Performance upgrades
Performance Benchmarks for GPT-4
| Simulated exams | GPT-4estimated percentile | GPT-4 (no vision)estimated percentile | GPT-3.5estimated percentile |
| Uniform Bar Exam (MBE+MEE+MPT)1 | 298 / 400~90th | 298 / 400~90th | 213 / 400~10th |
| LSAT | 163~88th | 161~83rd | 149~40th |
| SAT Evidence-Based Reading & Writing | 710 / 800~93rd | 710 / 800~93rd | 670 / 800~87th |
| SAT Math | 700 / 800~89th | 690 / 800~89th | 590 / 800~70th |
| Graduate Record Examination (GRE) Quantitative | 163 / 170~80th | 157 / 170~62nd | 147 / 170~25th |
| Graduate Record Examination (GRE) Verbal | 169 / 170~99th | 165 / 170~96th | 154 / 170~63rd |
| Graduate Record Examination (GRE) Writing | 4 / 6~54th | 4 / 6~54th | 4 / 6~54th |
| USABO Semifinal Exam 2020 | 87 / 15099th–100th | 87 / 15099th–100th | 43 / 15031st–33rd |
| USNCO Local Section Exam 2022 | 36 / 60 | 38 / 60 | 24 / 60 |
| Medical Knowledge Self-Assessment Program | 75% | 75% | 53% |
| Codeforces Rating | 392below 5th | 392below 5th | 260below 5th |
| AP Art History | 586th–100th | 586th–100th | 586th–100th |
| AP Biology | 585th–100th | 585th–100th | 462nd–85th |
| AP Calculus BC | 443rd–59th | 443rd–59th | 10th–7th |
| Benchmark |
GPT-4
Evaluated few-shot
|
GPT-3.5
Evaluated few-shot
|
LM SOTA
Best external LM evaluated few-shot
|
SOTA
Best external model (includes benchmark-specific training)
|
|
Multiple-choice questions in 57 subjects (professional & academic)
|
86.4%
5-shot
|
70.0%
5-shot
|
70.7%
|
75.2%
|
|
Commonsense reasoning around everyday events
|
95.3%
10-shot
|
85.5%
10-shot
|
84.2%
|
85.6%
|
|
Grade-school multiple choice science questions.

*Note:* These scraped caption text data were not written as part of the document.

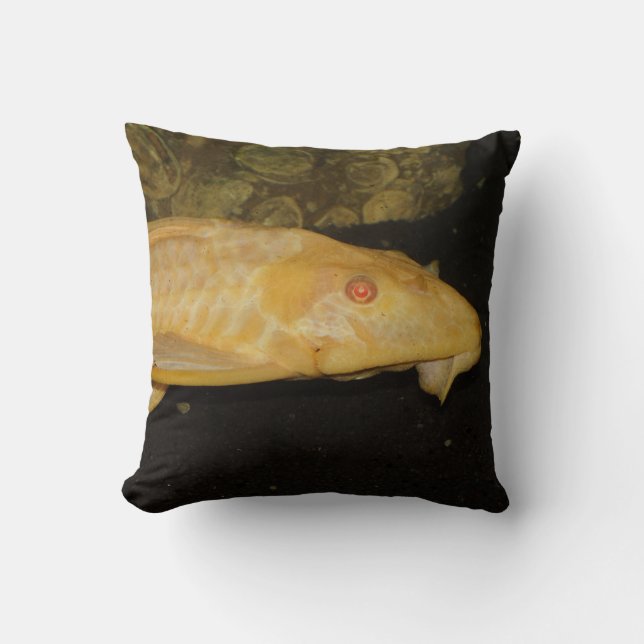 Glyptoperichthys gibbiceps cushion (Front)
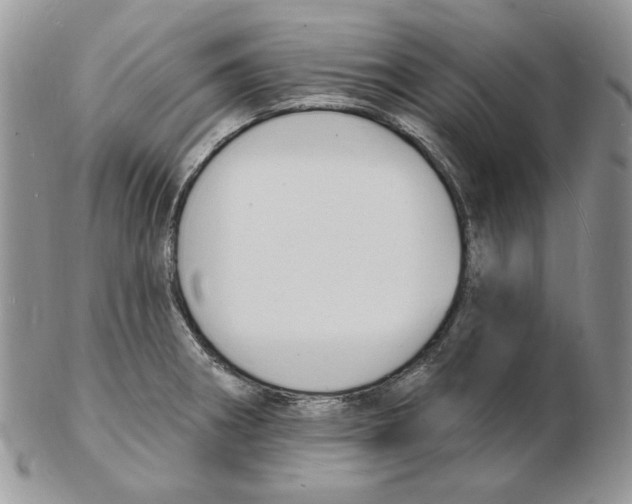 X0000102231282200808221259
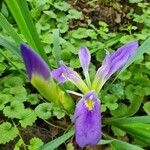 Iris brevicaulis flower picture by Gayle Judkins (cc-by-sa)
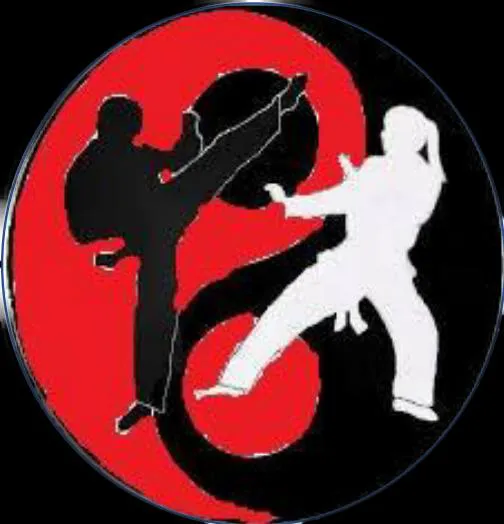 Strength Martial Arts Academy Picture 4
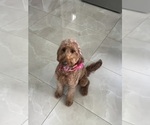 Small Photo #1 Doodle-Goldendoodle Mix Puppy For Sale in WESTON, FL, USA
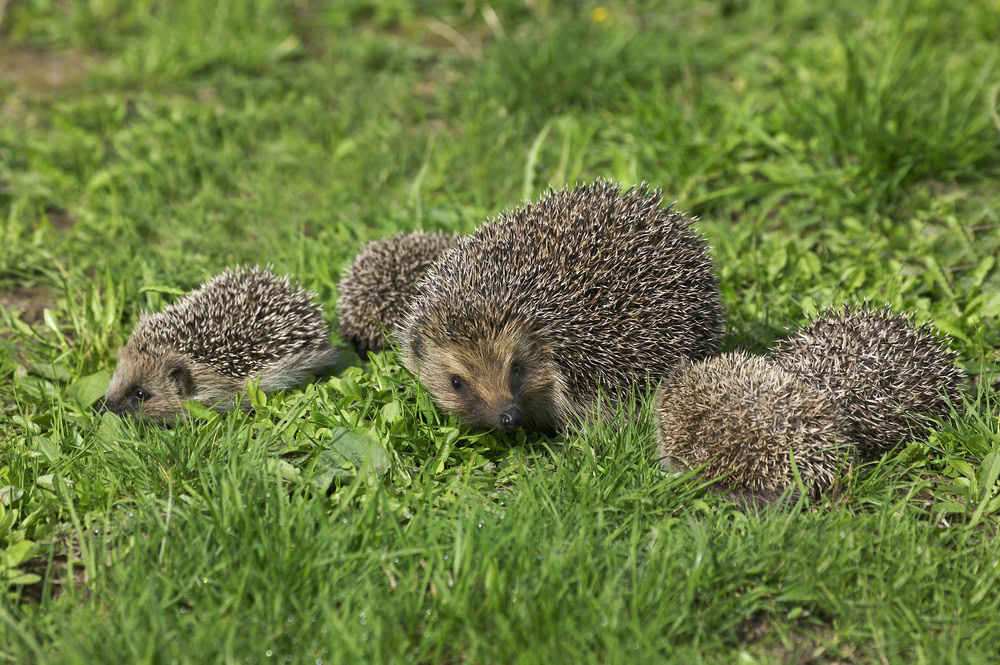 European Hedgehog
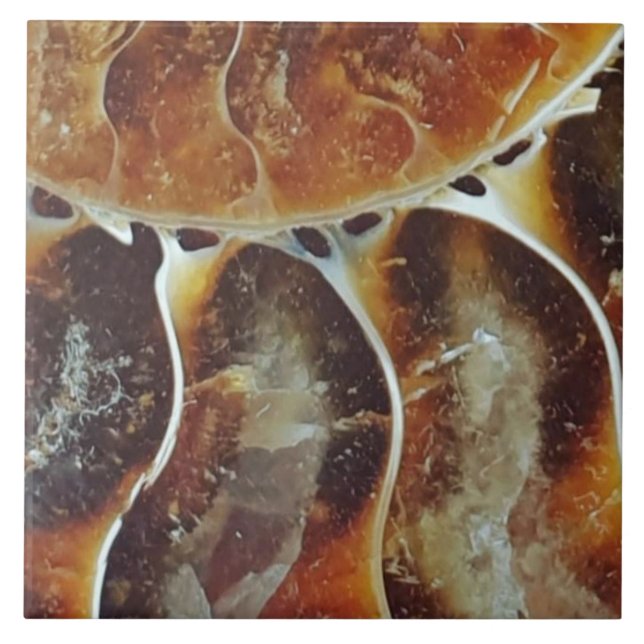 Azulejo De Cerâmica Amonite de Madagáscar grande (Frente)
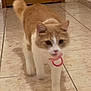 Speedy a rejoint le concours — aidez-le/la à gagner de superbes lots ! cat, orange, white, tile_floor, indoor, pet, animal, walking, pacifier, mouth, fur, tail, ears, whiskers, cute, domestic, playful, home, curious, floor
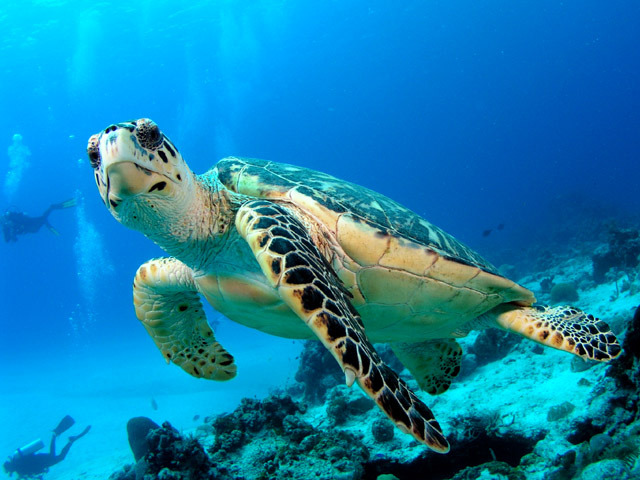 Under water endangered animals - endangered species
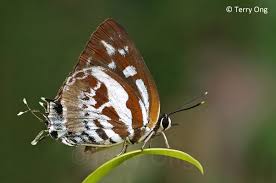 Attēlu rezultāti vaicājumam “Scardia boletella exuvia”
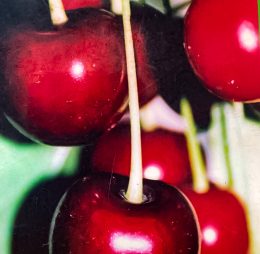 Vi?in – Tarzii – soi tarziu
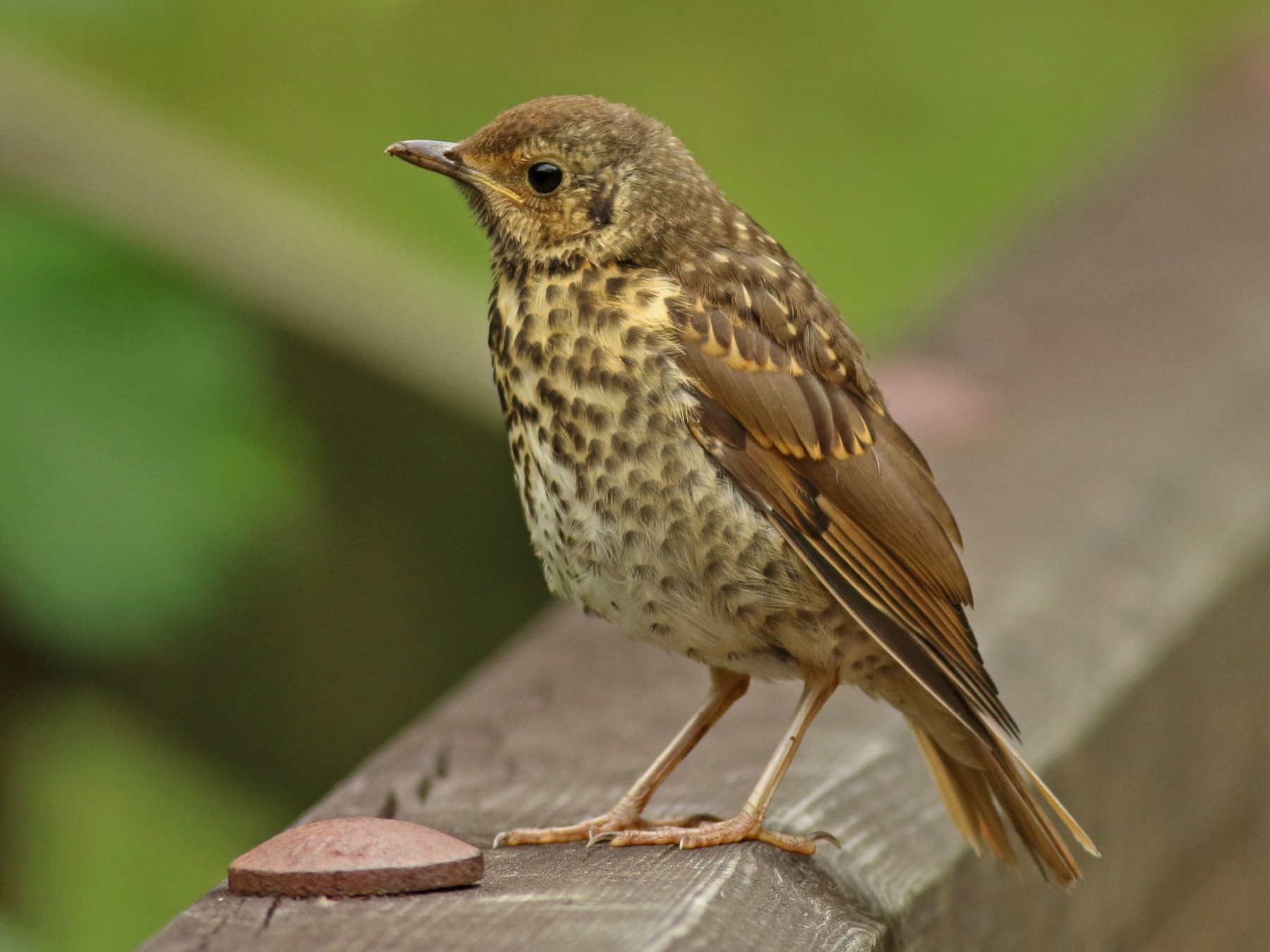 Song Thrush - Andrew Steele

Challenge-set.
|
96.3%
25-shot
|
85.2%
25-shot
|
84.2%
|
85.6%
|
|
Commonsense reasoning around pronoun resolution
|
87.5%
5-shot
|
81.6%
5-shot
|
84.2%
|
85.6%
|
|
Python coding tasks
|
67.0%
0-shot
|
48.1%
0-shot
|
26.2%
|
65.8%
|
|
DROP (f1 score)
Reading comprehension & arithmetic.
|
80.9
3-shot
|
64.1
3-shot
|
70.8
|
88.4
|
Overall, GPT-4’s more realistic results show that OpenAI’s efforts to create AI models with increasingly sophisticated skills are making substantial strides.
Visual inputs
In contrast to the text-only default, GPT-4 can accept a prompt with both text and graphics, allowing the user to specify any vision or language task. In more detail, it produces text outputs (natural language, code, etc.) from inputs that contain a mixture of text and images. GPT-4 shows comparable capabilities across a variety of domains, including documents with text and images, schematics, or screenshots. Moreover, test-time strategies like few-shot and chain-of-thought prompting, which were created for language models that simply use text, can be added to it. Picture inputs remain a research preview and are not accessible to the general public.
| Benchmark |
GPT-4
Evaluated few-shot
|
Few-shot SOTA |
SOTA
Best external model (includes benchmark-specific training)
|
|
VQA score (test-dev)
|
77.2%
0-shot
|
67.6%
|
84.3%
|
|
VQA score (val)
|
78.0%
0-shot
|
37.9%
|
71.8%
|
|
Relaxed accuracy (test)
|
78.5%A
|
– |
58.6%
|
|
Accuracy (test)
|
78.2%
0-shot
|
– |
42.1%
|
|
ANLS score (test)
|
88.4%
0-shot (pixel-only)
|
– |
88.4%
|
|
ANLS score (test)
|
75.1%
0-shot (pixel-only)
|
– |
61.2%
|
|
Accuracy (val)
|
87.3%
0-shot
|
– |
86.5%
|
|
Fill-in-the-blank accuracy (test)
|
45.7%
0-shot
|
31.0%
|
52.9%
|
Limitations
The GPT-4 has comparable restrictions to preceding GPT models despite its capabilities. Most significantly, it still lacks complete reliability. When utilizing language model outputs, especially in high-stakes situations and with the precise protocol corresponding to the requirements of a given use-case, extreme caution should be exercised.
Even though it is still a problem, GPT-4 has a 40% higher internal adversarial factuality evaluation score than our most recent GPT-3.5.

Access Methods for GPT-4
Via ChatGPT, OpenAI is making text input for GPT-4 available. For the time being, ChatGPT Plus subscribers can access it. For the GPT-4 API, a waiting list exists.
The ability to input images has not yet been made publicly available.
To enable anybody to report flaws in their models and direct future improvements, OpenAI has made OpenAI Evals, a platform for automated evaluation of AI model performance, available for use by anyone.